◆ Instructions for the task: Restate word for word the entries below, starting at the line with "1715 P Street, NW 6 of 10" and ending at the line with "Nike Grey Drawstring". Keep both end lines and omit the pictures.

◆ Data listing:

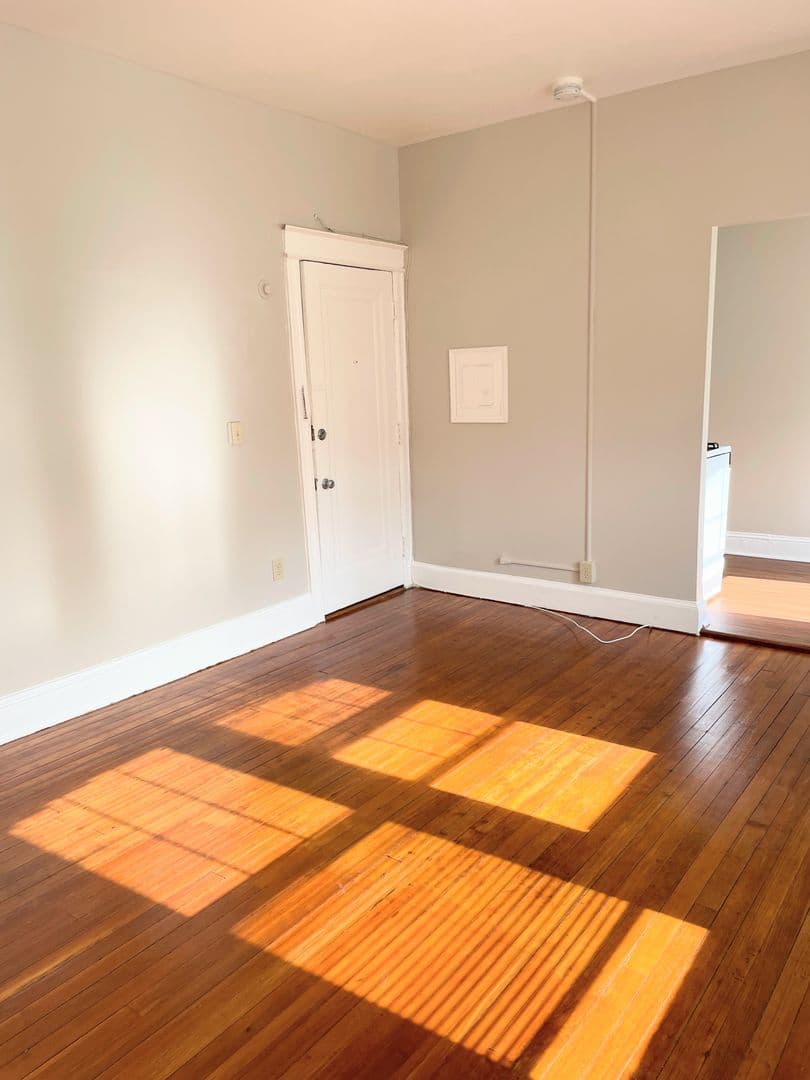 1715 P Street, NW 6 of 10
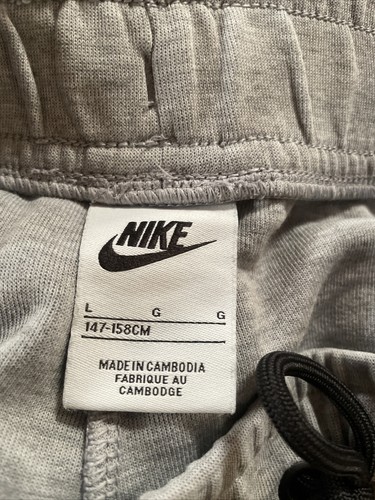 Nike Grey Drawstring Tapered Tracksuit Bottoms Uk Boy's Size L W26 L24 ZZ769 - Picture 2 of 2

* * *

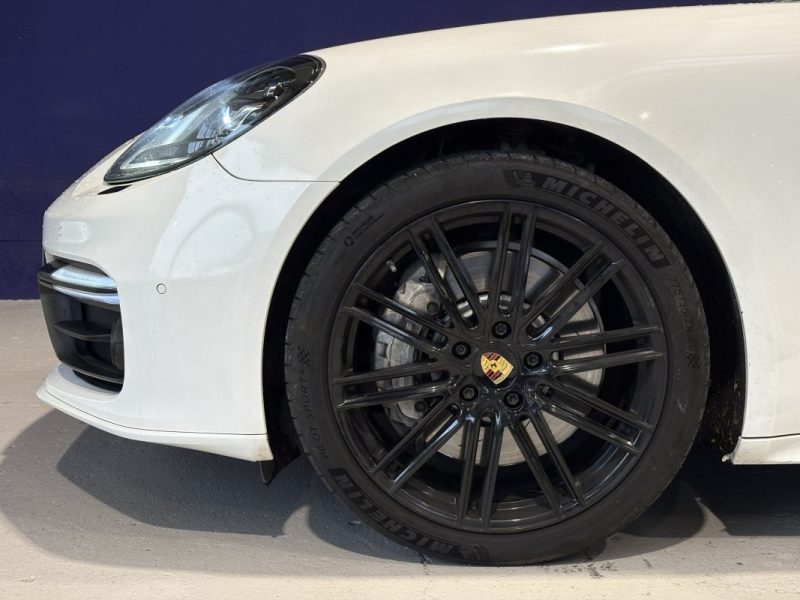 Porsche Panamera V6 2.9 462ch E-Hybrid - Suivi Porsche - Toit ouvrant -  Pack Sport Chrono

==

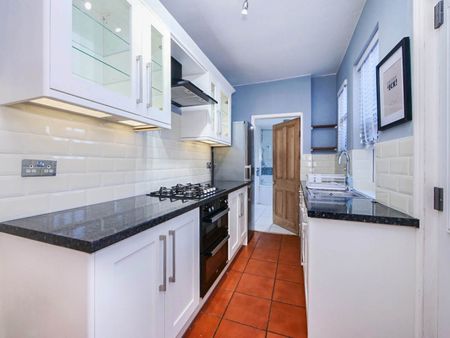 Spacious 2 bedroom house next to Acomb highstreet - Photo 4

◆ Solution for this task:
 1715 P Street, NW 6 of 10
 Nike Grey Drawstring Tapered Tracksuit Bottoms Uk Boy's Size L W26 L24 ZZ769 - Picture 2 of 2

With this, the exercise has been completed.